Chery rusza z pilotażem
Według doniesień medialnych z Chin, Chery planuje rozpocząć testy drogowe nowej technologii w 2026 r., a pełnoskalową produkcję przewiduje już na 2027. jeżeli harmonogram zostanie dotrzymany, marka może wyprzedzić swoich rodzimych rywali, takich jak BYD czy CATL, w wyścigu o dominację na rynku baterii solid-state.
To nie jest jednak gra, w której uczestniczą tylko Chińczycy.
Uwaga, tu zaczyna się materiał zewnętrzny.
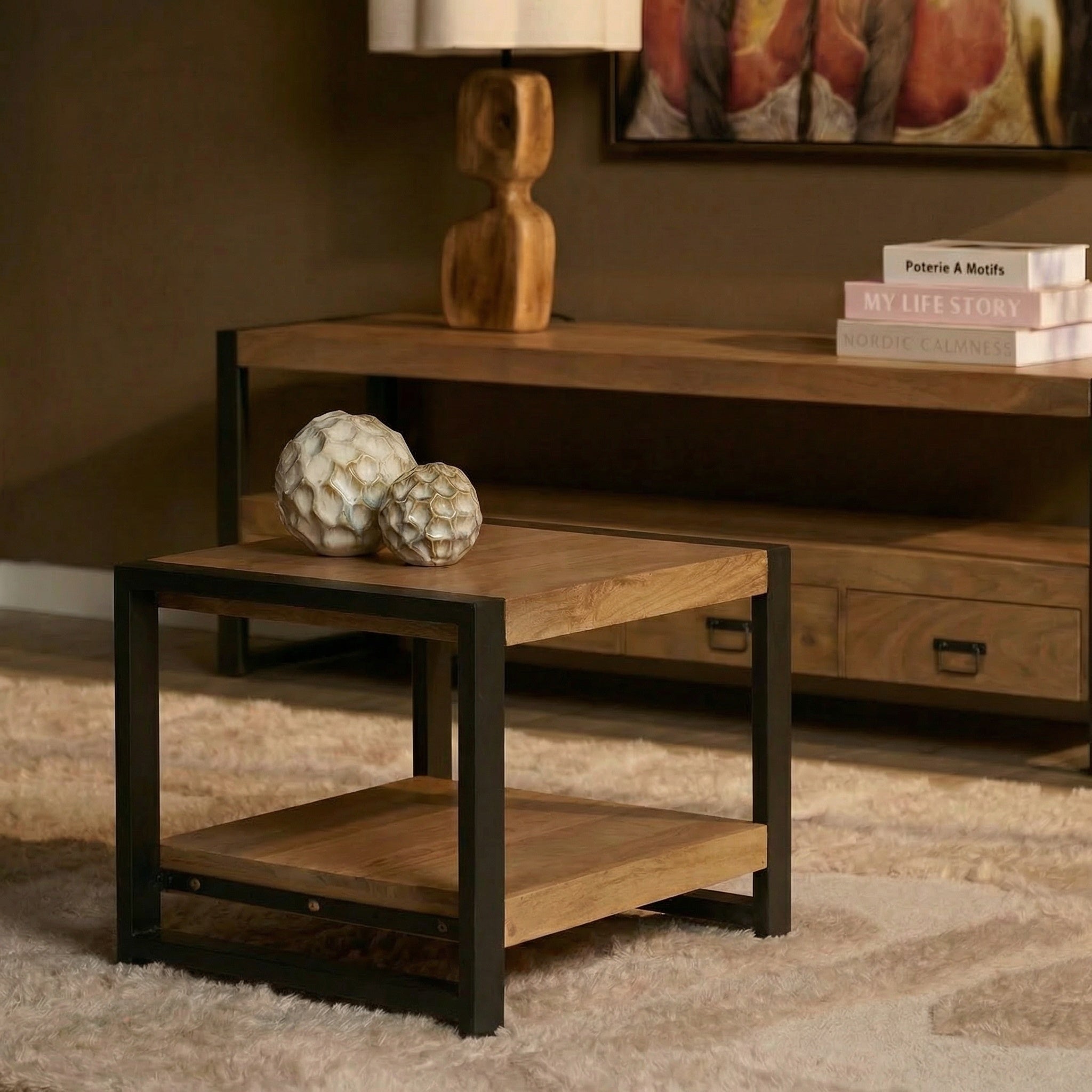 Bijzettafel Britt | 60 cm | onderblad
Toyota, globalny gigant motoryzacyjny, również pracuje nad własnymi bateriami solid-state i chwali się aż 1700 patentami w tym obszarze, z czego większość jest aktywna. Wspólnie z japońską firmą Idemitsu Kosan, Toyota planuje komercjalizację tej technologii w podobnym czasie, czyli w okolicy 2027 r.
Wyzwania? Tak, ale warte zachodu
Rozwój solid-state to nie tylko sukcesy. To również duże wyzwania. Nowe ogniwa są w tej chwili choćby 2,8 razy droższe w produkcji niż klasyczne baterie litowo-jonowe, głównie ze względu na stosowanie specjalistycznych materiałów siarczkowych oraz niską efektywność wytwarzania.
Jednak potencjalne korzyści – większy zasięg, szybsze ładowanie, lepsza trwałość i wyższe bezpieczeństwo – czynią ten wysiłek opłacalnym. Solid-state to technologia, która może zdefiniować nową generację aut elektrycznych i ostatecznie przełamać największe bariery hamujące rozwój elektromobilności. jeżeli baterie Chery spełnią pokładane w nich nadzieje, codzienne ładowanie EV stanie się przeszłością.